┌──

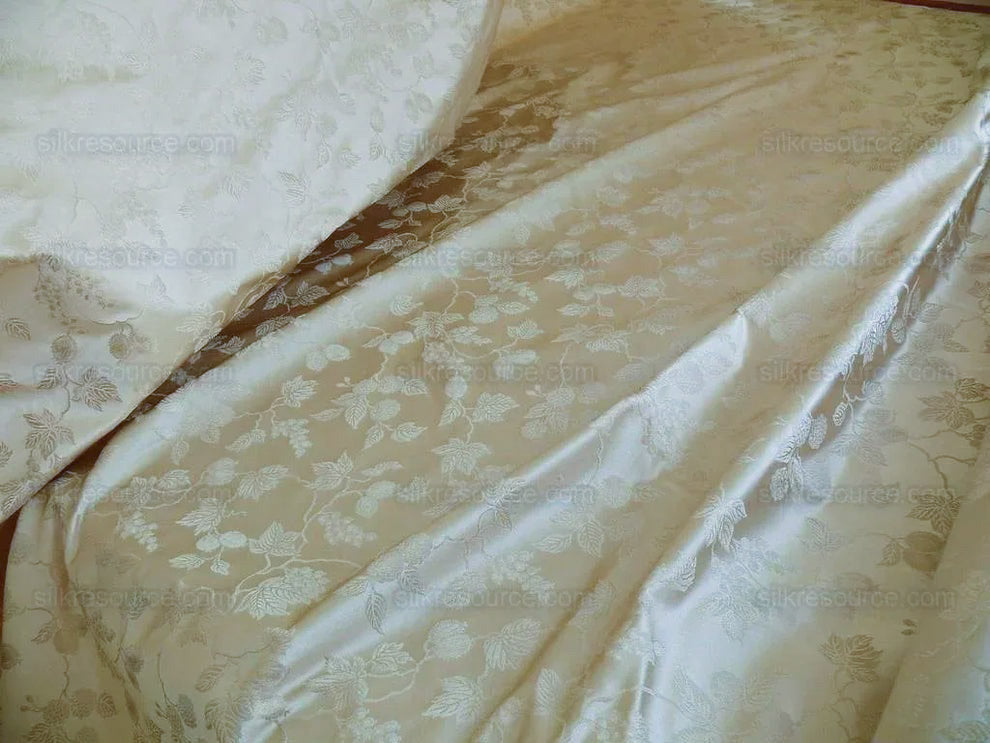 100% Silk Damask Summer Berry on Vine Cream Nimbus Art Nouveau William Morris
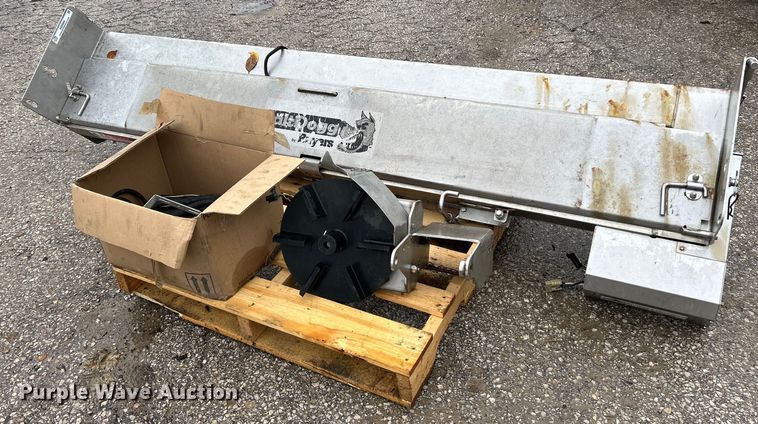 image for item NQ9904 Buyers Salt Dogg  spreader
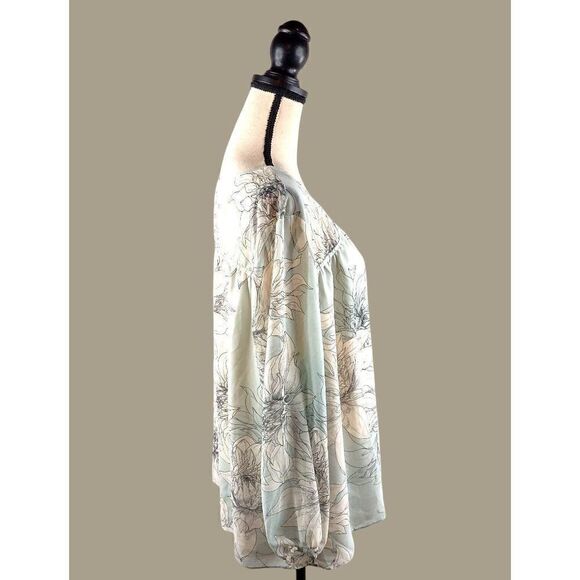 Vince Camuto Light Green and Cream Floral Blouse Size 1X - Picture 4 of 11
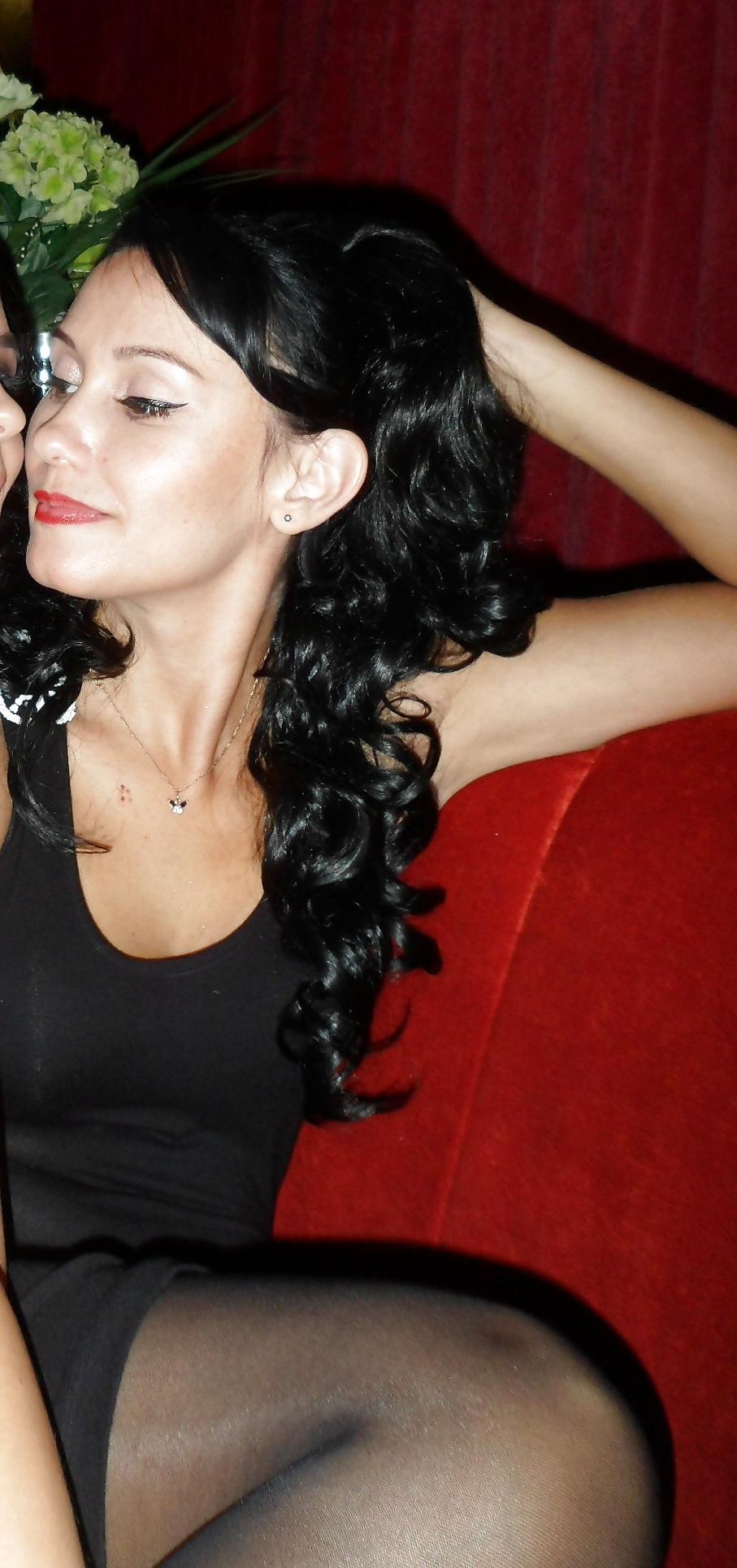 25P Sexy & Classy brunette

└──

▶ **What you will do**
Everything from the line containing "Vince Camuto Light Green" to the last line of the listing above is to be written out exactly, except the pictures, and nothing else.

▶ **Output of the exercise**
 Vince Camuto Light Green and Cream Floral Blouse Size 1X - Picture 4 of 11
 25P Sexy & Classy brunette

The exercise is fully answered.